● Problem description
Copy the closing run of lines, from the one with "You'll love preparing" through the last line of the listing, exactly and without any pictures.

● The data
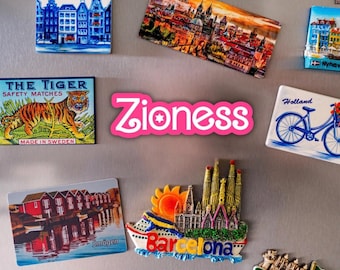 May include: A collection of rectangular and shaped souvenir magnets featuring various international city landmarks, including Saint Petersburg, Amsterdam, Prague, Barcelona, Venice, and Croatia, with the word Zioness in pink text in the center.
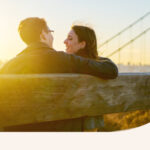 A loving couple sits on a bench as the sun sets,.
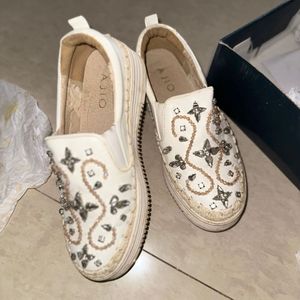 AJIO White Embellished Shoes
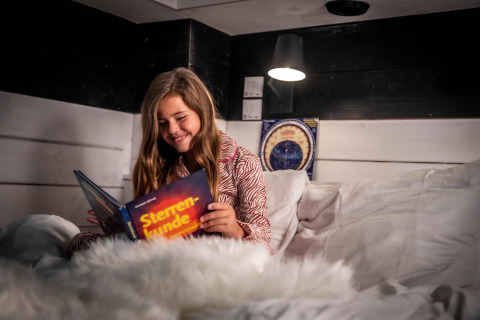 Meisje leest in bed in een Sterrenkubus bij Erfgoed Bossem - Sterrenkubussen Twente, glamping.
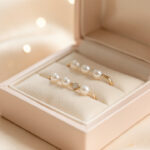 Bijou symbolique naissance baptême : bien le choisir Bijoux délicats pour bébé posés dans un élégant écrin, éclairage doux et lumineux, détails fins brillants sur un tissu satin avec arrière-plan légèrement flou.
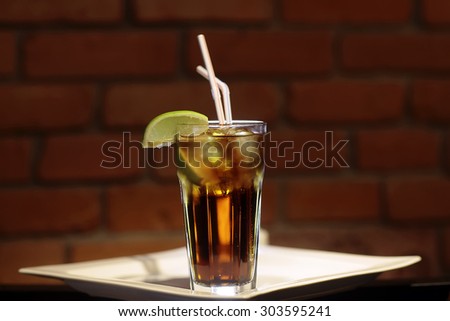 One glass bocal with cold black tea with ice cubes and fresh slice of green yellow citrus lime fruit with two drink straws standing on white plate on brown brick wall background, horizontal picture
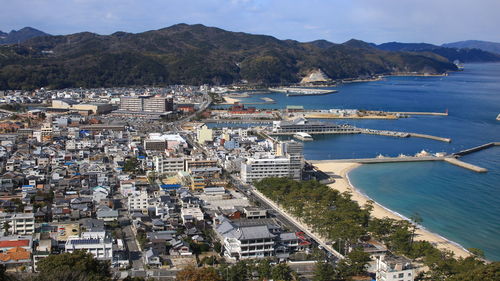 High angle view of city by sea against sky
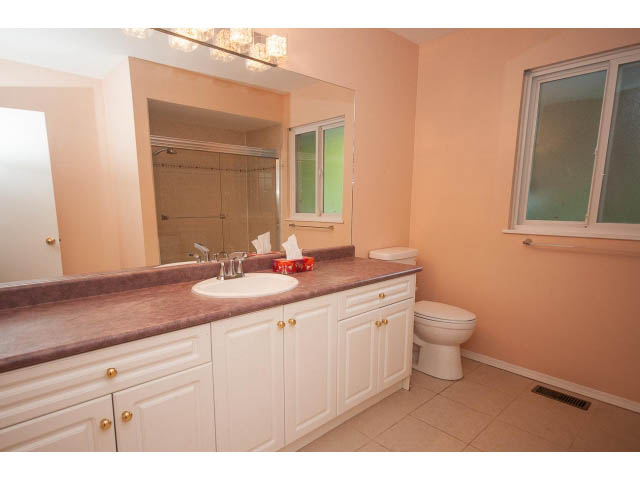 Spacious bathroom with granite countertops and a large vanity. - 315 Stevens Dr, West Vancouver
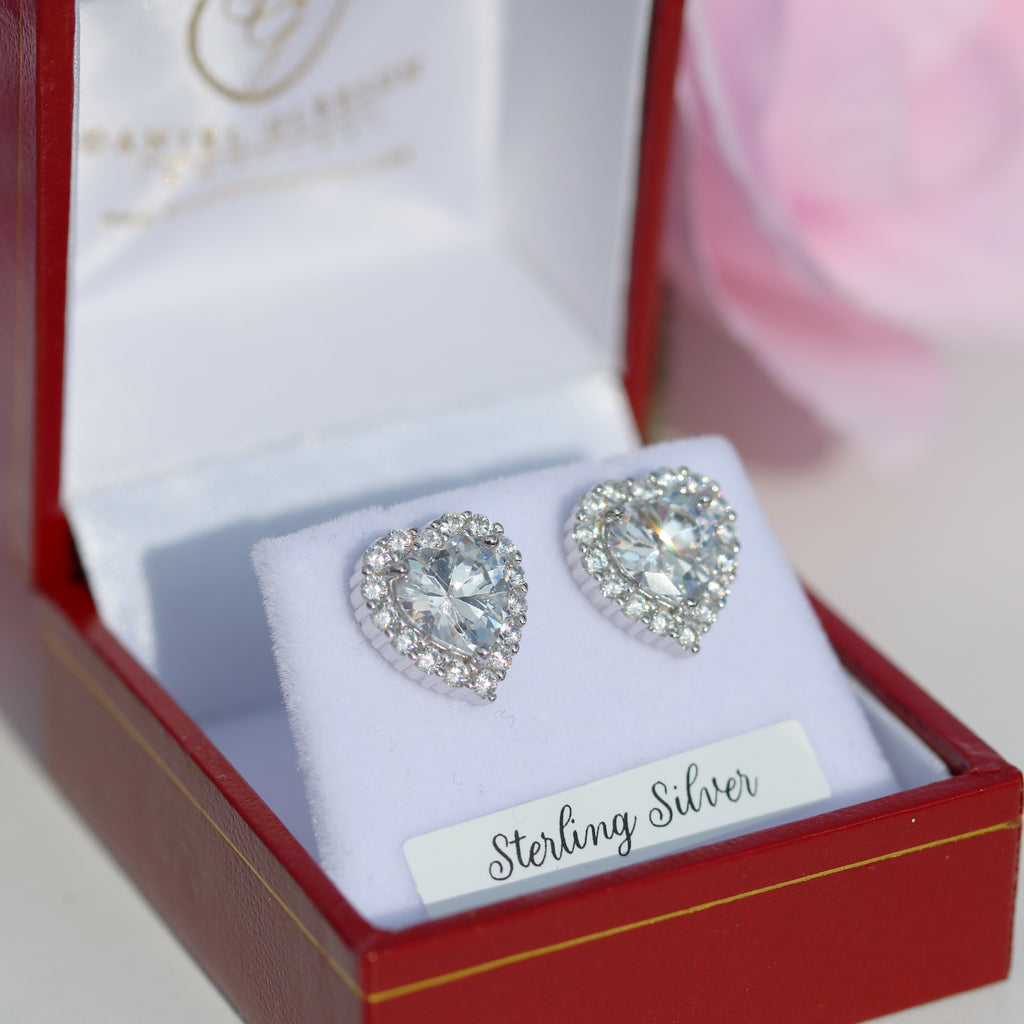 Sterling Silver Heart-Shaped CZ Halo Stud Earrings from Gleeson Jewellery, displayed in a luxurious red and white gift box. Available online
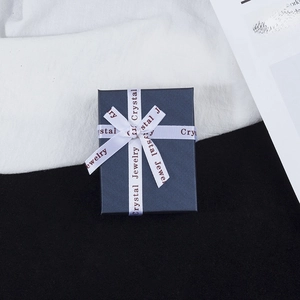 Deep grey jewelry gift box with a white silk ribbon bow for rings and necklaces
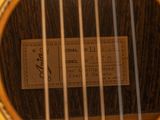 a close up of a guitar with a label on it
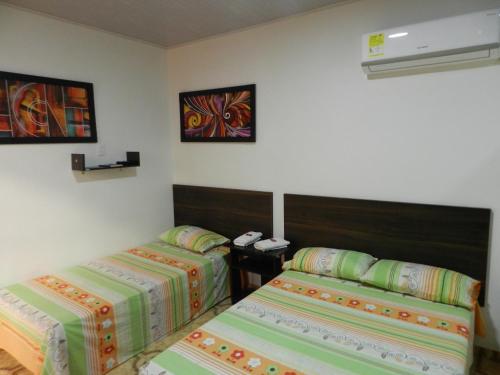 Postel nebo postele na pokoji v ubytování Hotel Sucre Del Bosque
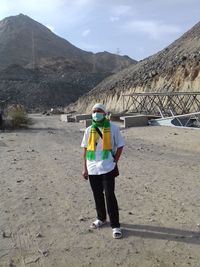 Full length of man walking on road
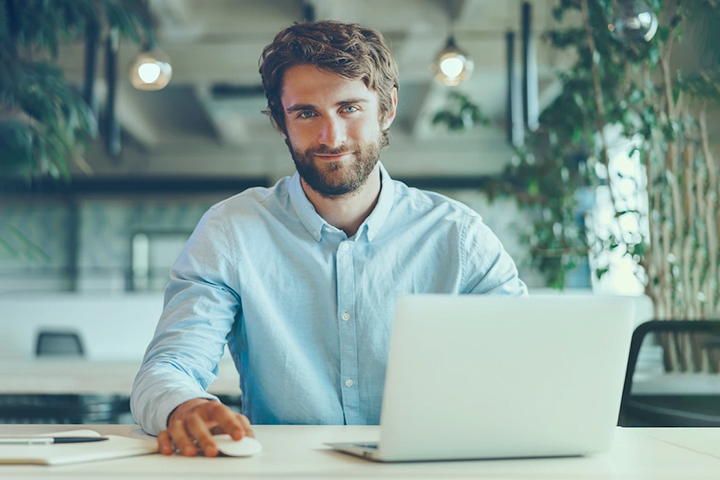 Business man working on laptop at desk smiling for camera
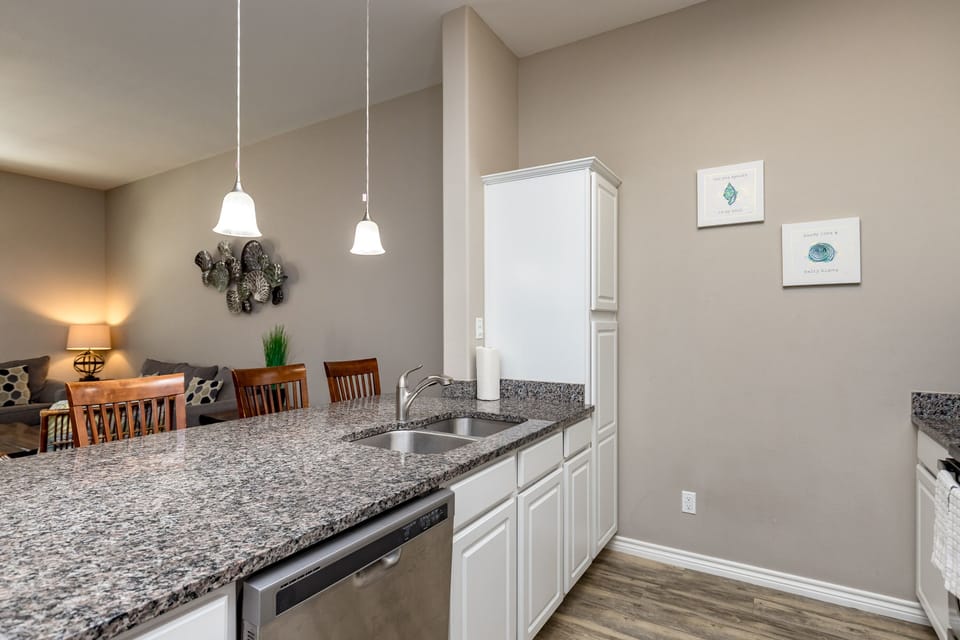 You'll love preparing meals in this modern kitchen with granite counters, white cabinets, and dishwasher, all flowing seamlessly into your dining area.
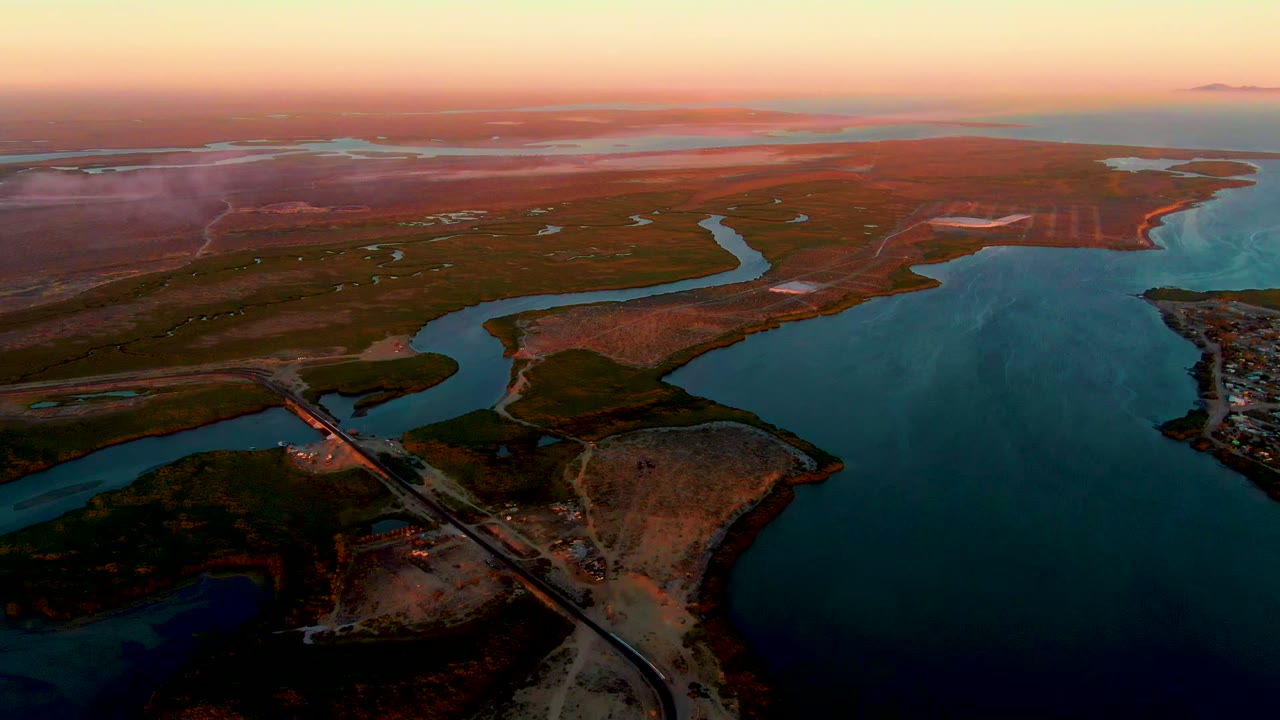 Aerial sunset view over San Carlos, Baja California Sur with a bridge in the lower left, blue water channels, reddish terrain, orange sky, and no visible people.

● The answer
 You'll love preparing meals in this modern kitchen with granite counters, white cabinets, and dishwasher, all flowing seamlessly into your dining area.
 Aerial sunset view over San Carlos, Baja California Sur with a bridge in the lower left, blue water channels, reddish terrain, orange sky, and no visible people.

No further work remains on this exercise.